Aktuelle Ausstellung bis 1. Juni 2024 in der Galerie Kunststücke in München

Rampenlicht der Gnade

Eine Frau steht dem Betrachter zugewandt in gelblich-weißem Licht. Ihre Silhouette zeichnet sich klar vom Hintergrund ab. Der Blick folgt den Konturen ihrer Haare, dem Zweiteiler, den sie trägt. Ihre Arme sind leicht angehoben, die Hände in lockerer Haltung. Ihre Gestalt ist erdig braun, um anzudeuten, dass sie von der Erde geschaffen und irdischer Natur ist.

Sie steht in einem gegenstandsfreien offenen Raum. Unter ihr breitet sich eine bläuliche Wolke aus, darüber ist nur Licht, das sich durch die hellere Mitte bühnenartig nach hinten öffnet. Vertikale Farbverläufe deuten ein herabkommendes Geschehen an, das sich insbesondere in der Mitte über und um die Frau herum konzentriert.

Ohne sichtbaren äußeren Halt über den Wolken zu gehen braucht ein gesundes Maß an Selbstvertrauen. Sie sieht nicht wie eine Seiltänzerin aus oder dass sie mit dem Gleichgewicht zu kämpfen hätte. Im Gegenteil, es scheint für sie eine Selbstverständlichkeit zu sein (man beachte, dass in einem Wort drei wesentliche Wörter vereinigt sind: selbst, verstehen und stehen), vom Licht umgeben zu sein, in ihm zu stehen und zu leben.

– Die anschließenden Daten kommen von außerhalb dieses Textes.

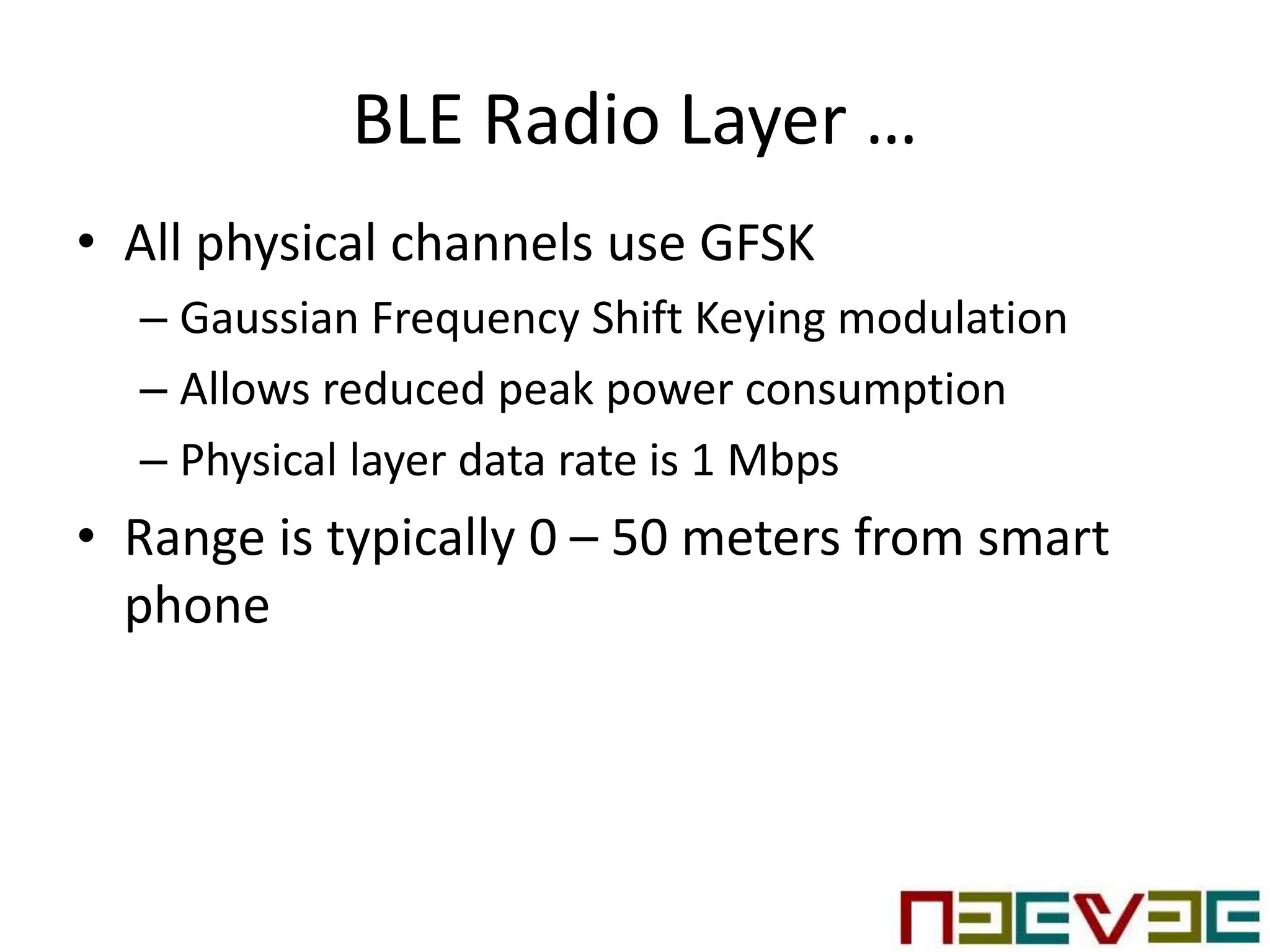 BLE Radio Layer …
• All physical channels use GFSK
– Gaussian Frequency Shift Keying modulation
– Allows reduced peak power consumption
– Physical layer data rate is 1 Mbps
• Range is typically 0 – 50 meters from smart
phone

Da die Künstlerin das Bild durch ihr Bibelzitat aus Röm 5,5b „denn die Liebe Gottes ist ausgegossen in unsere Herzen durch den Heiligen Geist“ eindeutig in einen christlichen Kontext stellt, darf das Licht als eine Kraft gesehen werden, die von Gott ausgeht und für den Menschen gedacht ist.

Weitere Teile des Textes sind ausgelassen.